• **EXERCISE REQUIREMENTS**
Each entry that follows is to be copied exactly, minus any pictures.
*** Opening DATA UNDER STUDY ***
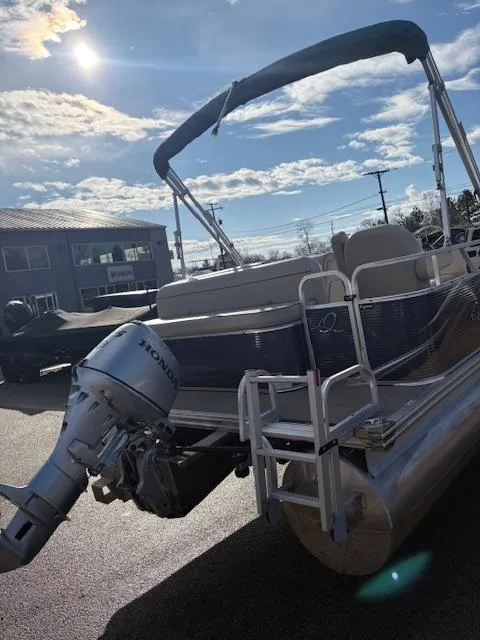 Slide: The Image of 2021 Quest le816 pontoon boat with Honda outboard motor, parked outdoors under a sunny sky. - 7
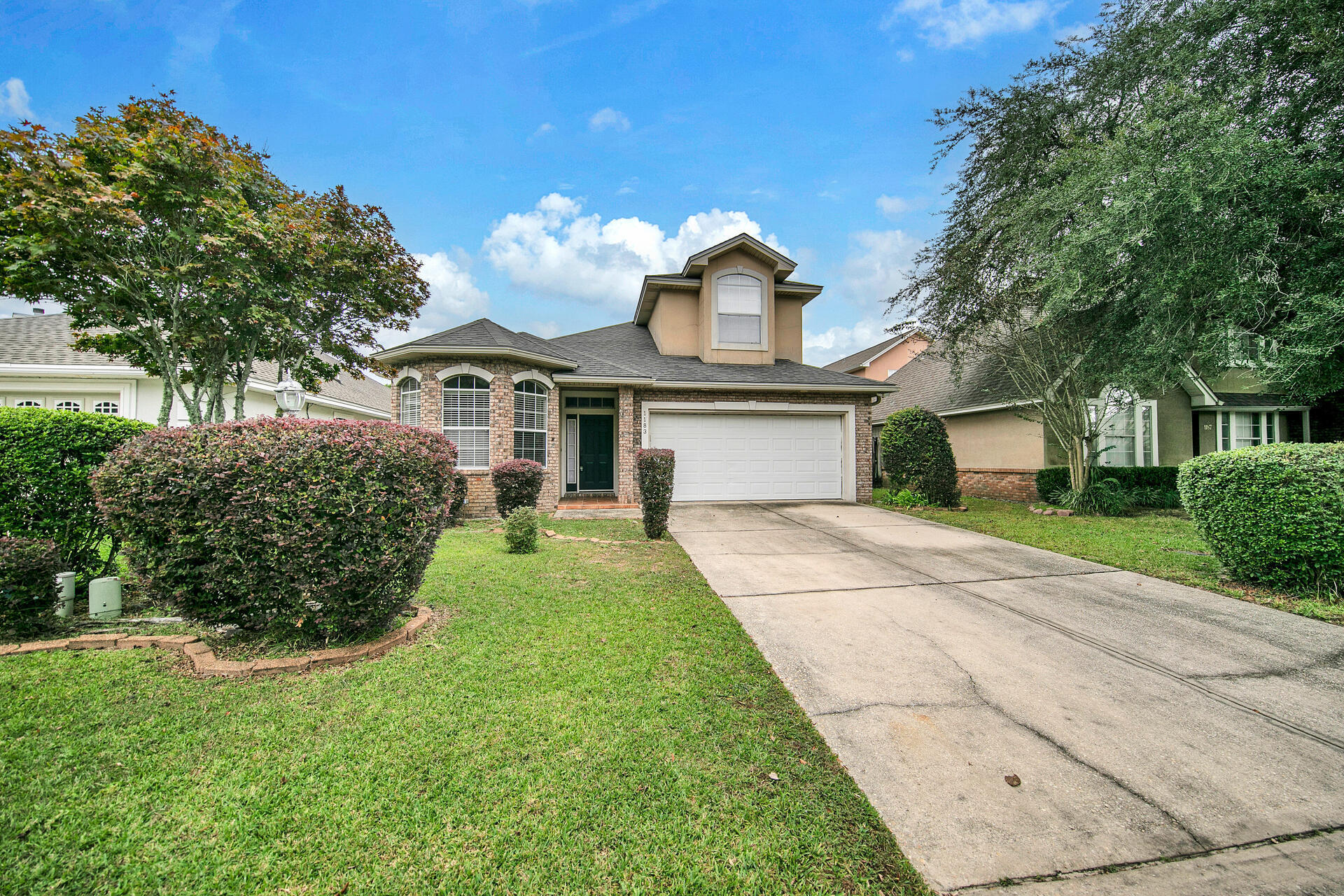 Welcome to 1183 Cathridge Trace! This 4-bedroom, 2.5-bathroom home was built in 1999 and offers 1,912 sq ft of living space in the sought after neighborhood of North Ridge Creek. The home features a two-car garage, split floor plan, roof installed in 2020, and fenced-in backyard with a covered lanai. Entering through the foyer, you'll notice the 11-ft ceilings and beautiful plank flooring throughout the first floor. You will be welcomed by the modern kitchen featuring a breakfast nook, gray shaker-style cabinets, and stainless steel appliances. Flowing into the combined dining/living space, there is plenty of space to entertain and relax by the fireplace or enjoy the outdoors through the triple sliding door to the backyard. The primary bedroom offers an en-suite bathroom that includes... ...a walk-in closet, dual vanities, and separate shower/tub. Three additional bedrooms share a full bathroom on the second floor. Located near Eglin AFB, the FWB Center, and major roadways, you won't want to miss this one. Call for a showing today! 
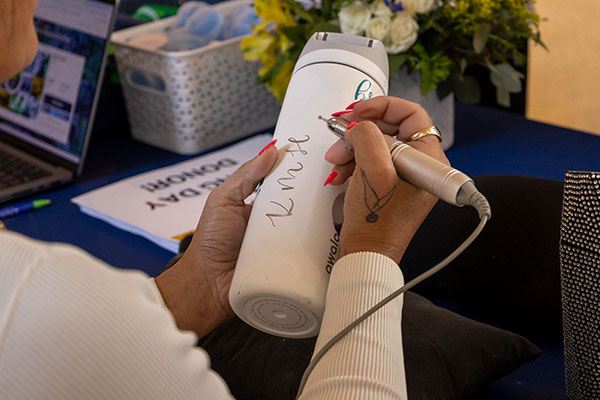 A person engraving a water bottle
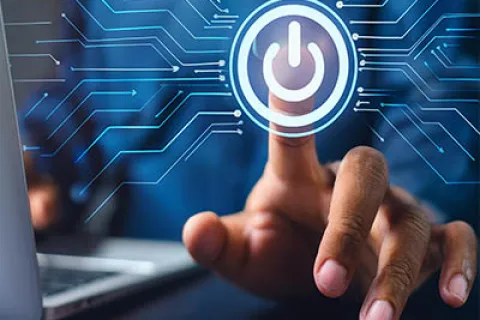 Finger pressing digital power button icon with technology circuit connections and laptop in background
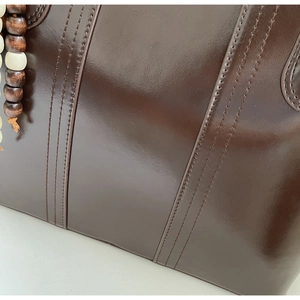 Dettaglio borsa tote in pelle marrone scuro lucido con cuciture precise e ciondolo in legno
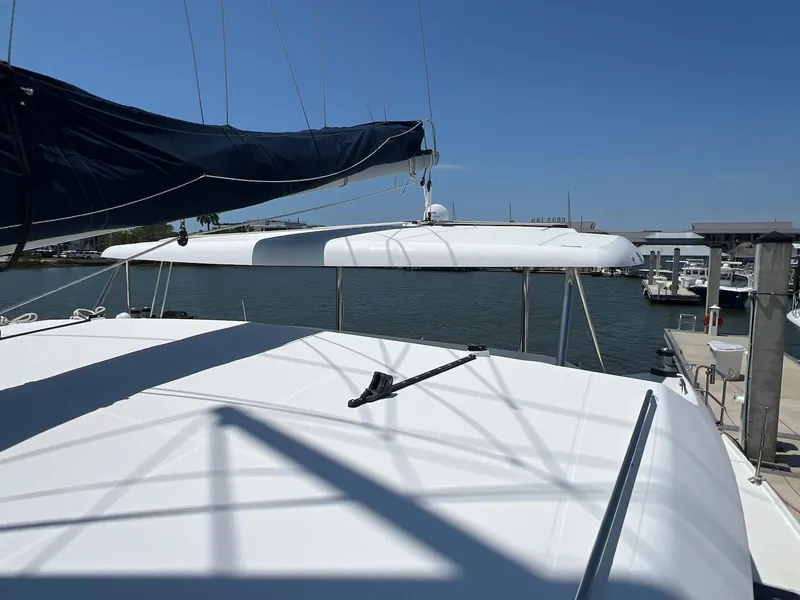 Slide: The Image of 2008 Lagoon 420 catamaran docked at a marina under clear blue skies. - 44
*** Closing DATA UNDER STUDY ***
• **OUTPUT FOR THIS TASK**
 Slide: The Image of 2021 Quest le816 pontoon boat with Honda outboard motor, parked outdoors under a sunny sky. - 7
 Welcome to 1183 Cathridge Trace! This 4-bedroom, 2.5-bathroom home was built in 1999 and offers 1,912 sq ft of living space in the sought after neighborhood of North Ridge Creek. The home features a two-car garage, split floor plan, roof installed in 2020, and fenced-in backyard with a covered lanai. Entering through the foyer, you'll notice the 11-ft ceilings and beautiful plank flooring throughout the first floor. You will be welcomed by the modern kitchen featuring a breakfast nook, gray shaker-style cabinets, and stainless steel appliances. Flowing into the combined dining/living space, there is plenty of space to entertain and relax by the fireplace or enjoy the outdoors through the triple sliding door to the backyard. The primary bedroom offers an en-suite bathroom that includes... ...a walk-in closet, dual vanities, and separate shower/tub. Three additional bedrooms share a full bathroom on the second floor. Located near Eglin AFB, the FWB Center, and major roadways, you won't want to miss this one. Call for a showing today! 
 A person engraving a water bottle
 Finger pressing digital power button icon with technology circuit connections and laptop in background
 Dettaglio borsa tote in pelle marrone scuro lucido con cuciture precise e ciondolo in legno
 Slide: The Image of 2008 Lagoon 420 catamaran docked at a marina under clear blue skies. - 44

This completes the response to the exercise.